I've seen references to platinum-copper alloys, but I don't believe
I've knowingly worked with it. 

Platinum copper alloys do actually work. They’re not so good for
casting, as they oxidize (like cobalt). But they are considered
decent enough for fabrication use. Mostly found in some european
work, almost never in the U.S.

        Well, along comes cobalt (steel!) to save the day! Yuk! 
   I agree.  I don't have much use for the Cobalt alloy.  I'm
certain it was only developed because manufacturers wanted something
that cast and finished more like a gold alloy, obviously to save on
labor costs. 

Not just labor costs. Cobalt platinum was developed specifically for
casting. Those of you who cast iridio-platinum will know all about
porosity in platinum castings. it’s the bane of the stuff. Cobalt
gives an alloy that has a greater degree of fluidity when molten, so
it fills better, plus it’s got a larger difference between liquidus
and solidus temps, (a wider “slushy” range",) which drastically
reduces porosity problems. Castings in cobalt platinum are
demonstrably denser and less porous. Some stuff you can succussfully
cast consistently in cobalt platinum simply will drive you nuts with
iridio-platinum. At least on the casting end. But casting it requires
melting/casting under vacuum. so the equipment required is
considerably more complex than that you need for iridio platinum, and
as well all know, the resulting jewelry takes a bit more care at the
benchwork stage. Frankly, I don’t really mind cobalt alloys, so long
as I know that’s what they are. With the new platinum solders, you
can forget fusing/welding without giving up quality, and the cobalt
platinums then give you fine professional results. It’s just a
different material, and requires slightly different rules.

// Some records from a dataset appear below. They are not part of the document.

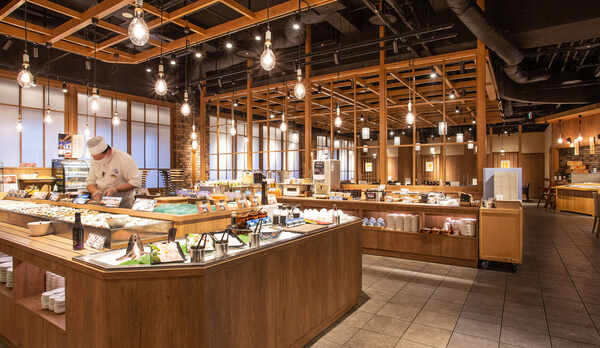 【青函市場】函館ならではの新鮮な海鮮をバイキングでたっぷりとご堪能ください。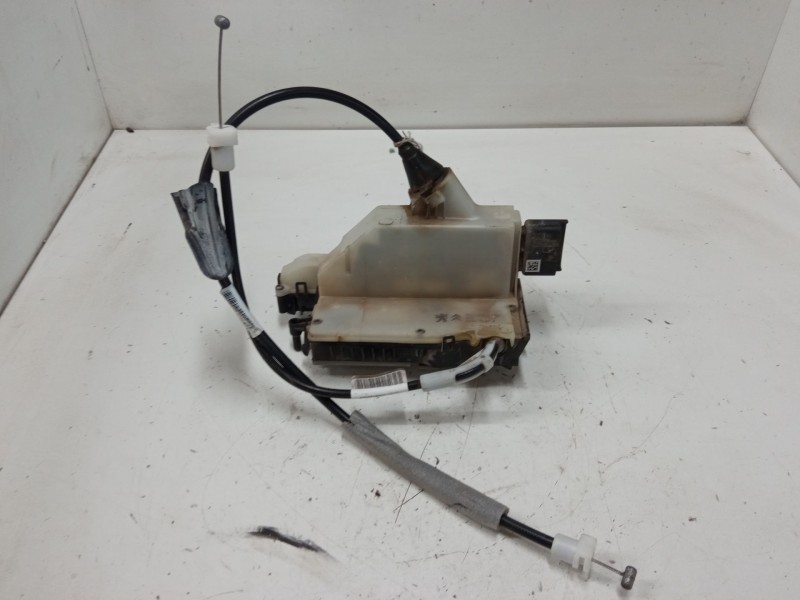 Recambio de cerradura puerta delantera derecha para peugeot 208 i (ca_, cc_) 1.6 hdi / bluehdi 75 referencia OEM IAM 9812500780 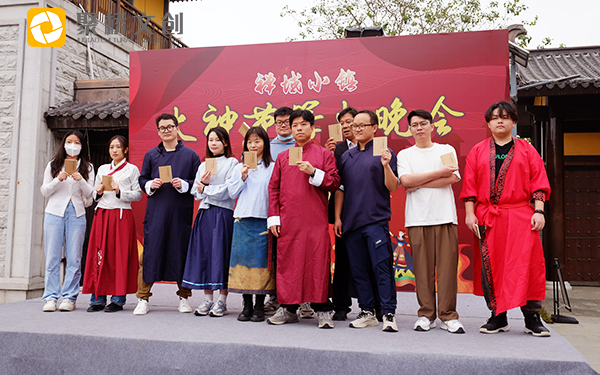 聚桥文创 聚桥文创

   Bet Jurgen's workshop was great.  I think the industry is going
to have to keep tight standards on platinum, lest we see the chain
stores selling the platinum equivalent of 10 karat gold. 

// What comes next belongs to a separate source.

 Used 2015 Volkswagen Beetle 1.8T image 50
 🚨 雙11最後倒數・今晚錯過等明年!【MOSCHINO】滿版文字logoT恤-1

WE have some say in that, too. The really low qualities of platinum
alloys are simply difficult to work on. when we educate the stores
that this crap results in sales that cannot be properly repaired, or
serviced, and that then you’ll have customers unhappy with their
purchases, we’ll just end up with yet another reason why the more
intellegent shoppers will start coming back to do their shopping with
actual jewelers, rather from the latest mall store where all the sales
people are part time college students or the like, who’s total
knowledge of jewelry comes from listening carefully to everything they
say on the TV home shopping channels or from learning carefully from
the other part timer’s who’ve been there a couple months longer than
they have…

There will always be a market for the lowest quality crap one can
make. Whether we allow ourselves to be bothered by it, or rather let
it work as a tool to promote the quality work we are able to offer by
comparison, is our own choice.

Peter Rowe


#7

I’m collecting reports from anyone who uses the plumb platinum
solder. I need to do follow up work on more kinds, and we are still
finding and working on the limitations of the existing 3 types.
Thanks in advance…


#8

We’ve tried them and they seem to work ok for some stuff, but the
melting points seem a little weird.


#9

Hi Daniel; I don’t know if you’ve been following the thread on this
product for the last week or so. I made some comments on it. Tim
Dooley had some insights into its performance, and Peter Rowe posted
an excellent set of observations on its efficacy. I’d be glad to
reiterate my experiences via off-post e-mail. You may reach me at
@David_L_Huffman. Check the archives for Tim’s and Peter’s
responses also. I think all-in-all people are glad to have this
product. It’s a considerable advance over platinum solders
previously available.

David L. Huffman


#10

Hello Daniel, The new plumb platinum solder is, in my opinion, the
most dramatic advance in platinumsmithing since I apprenticed in the late 50’s.